Rails 7 introduces many more cool features, the full change log can be found here. But Import-Maps is probably the biggest and most relevant change. 

Upgrading the Docker image 

All services at ZEIT.IO are running in Docker containers. During the deployment process (GitHub Action), the code is bundled into a Docker image, that image is pushed to AWS ECR and then rolled out on an ECS cluster. To speed up the deployment process, there is a custom base image, which includes most of the dependencies already. That way, we don't need to download and install ALL dependencies on each deployment over and over again.

The Docker base image before Christmas 2022 was based on Alpine Linux + a Ruby runtime + a NodeJS runtime + some additional dependencies and was 343.21 MB in size. The current base image is adjusted to Rails 7, Ruby 3.1 and without any NodeJS runtime and is only 269.77 MB in size. The finished Docker image which finally ends up on the ECS cluster is round about 100 MB smaller now, compared to the version before Christmas 2022. That's because the NodeJS runtime is no longer need on the server side at runtime. The current Docker image which runs ZEIT.IO has 397.55 MB in size and according to the ECR security scanner it has 0 known security vulnerabilities. 
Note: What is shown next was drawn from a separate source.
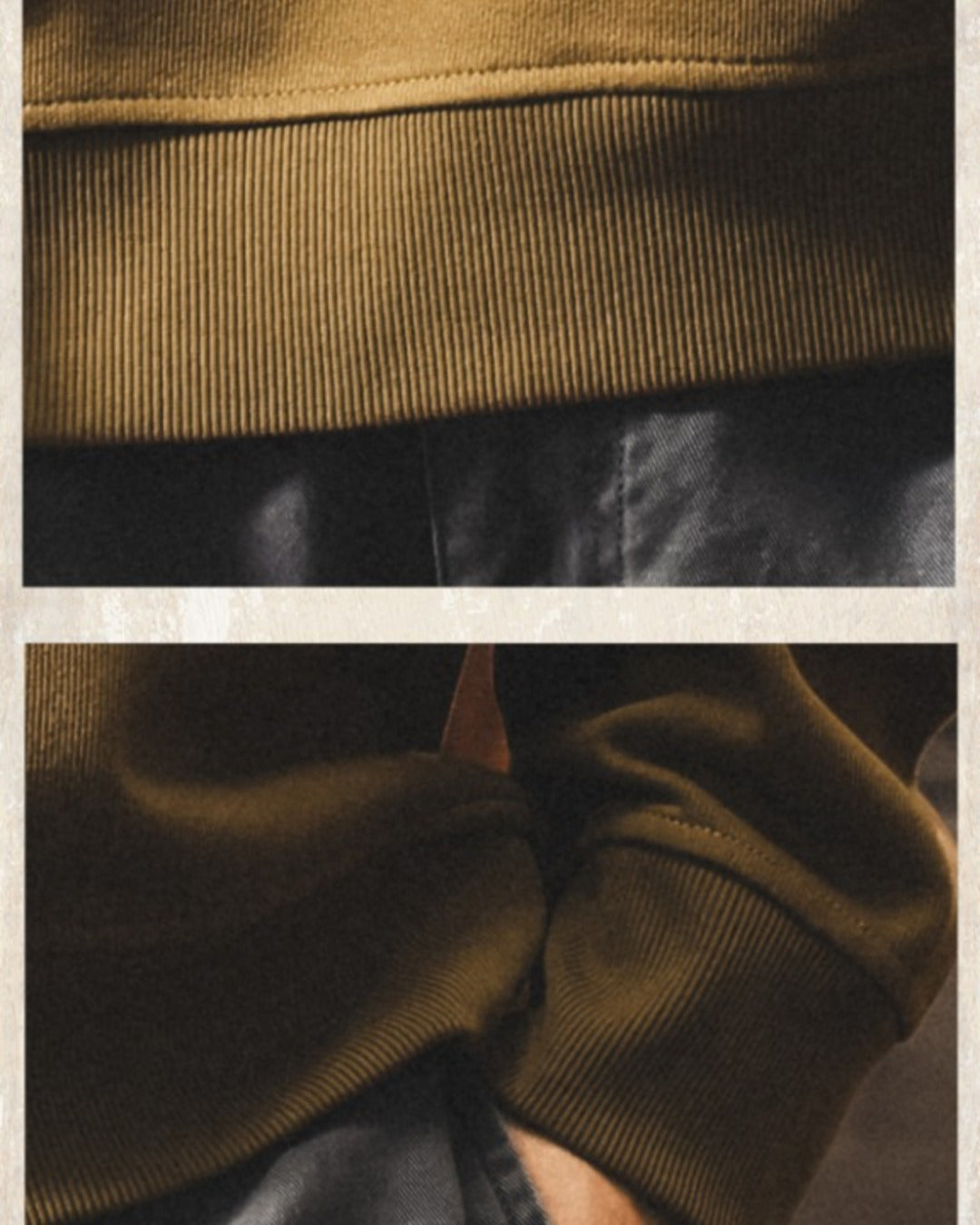 【S-4XL】casual relaxed crewneck fleece sweatshirt 【ACT0264】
Before Christmas 2022 a deployment to production took 7 to 9 minutes. Now a typical deployment takes 5 to 6 minutes. That includes:
 
  • minifying JS & CSS assets 
  • publishing assets (JS, CSS, images) to a CDN 
  • building a Docker image
  • pushing the image to ECR
  • triggering the ECS deployment 
  • waiting until all new containers are up and running and healthy

The last point, takes round about half of the overall deployment time. 
With this refactoring, the deployments are running ~2 minutes faster now, in average. 

What went wrong? 

448 files have been touched for all this changes. That are a lot of sources for errors. Of course there are automated test cases. Right now there are 1833 automated test cases and the code has 80.93% line coverage. That helps a lot, but anyway, there is no guarantee for catching all errors. And so the Zendesk-Tickets and emails started to come in, after rolling out all this changes on production.

Some errors occurred because some data have not been migrated correctly. At first it looked like some data have been lost. But luckily the old data and data structure was still there and so it could be fixed quickly within one day.
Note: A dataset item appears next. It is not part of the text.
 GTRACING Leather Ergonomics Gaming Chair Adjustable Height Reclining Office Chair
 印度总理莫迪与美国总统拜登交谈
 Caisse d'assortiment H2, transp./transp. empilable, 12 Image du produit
Many errors occurred because some JavaScript libraries have not been initialised correctly. That was mainly because of the migration to Import-Maps. For example, there is a group-by feature, where organisations can filter all recorded times and group them by customer, project or user. The grouped data is then visualised in a bar chart. Here is an example with test data.
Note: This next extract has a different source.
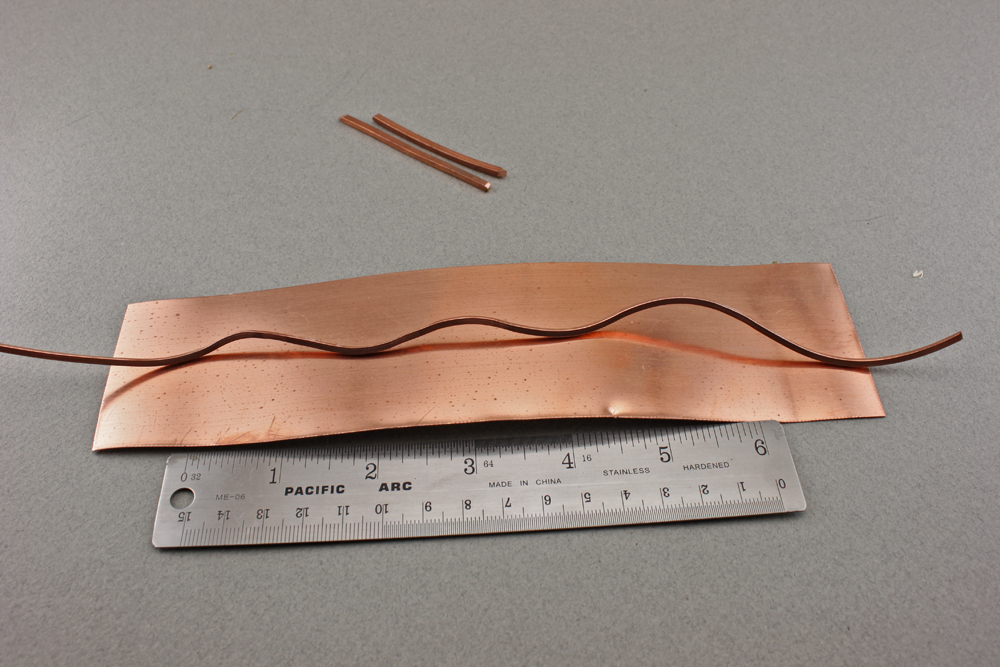 OscarCrow Handmade Jewelry Beaten copper bracelet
Recorded times grouped by customer


That bar chart just didn't show up. Customers who used the grouping feature just got a white page as response and thought that the grouping is not working anymore. The grouping itself was still working, just the visualisation didn't work because the JavaScript chart library was not correctly initialised. 

And of course there have been some null-pointer exceptions, because the test cases did not cover alle cases. But now the null-pointer exceptions which occurred have been fixed and covered with new automated test cases. 

What could have been done better? 

The chosen time for this big refactoring was a bit unlucky. And I should have known it better. At LivePerson we always had code and deployment freeze during Christmas and new year. For a reason! The start of each month is always critical because approvers are approving timesheets at ZEIT.IO and customers are using the invoicing module to create their invoices for the past month. A date somewhere in the middle of January would have been a wiser choice for this big rollout. And probably the month February or March would have been much better too, then December/January. And I should have informed my biggest customers that a big change is coming. I'm sorry!! And I promise I will do better in future!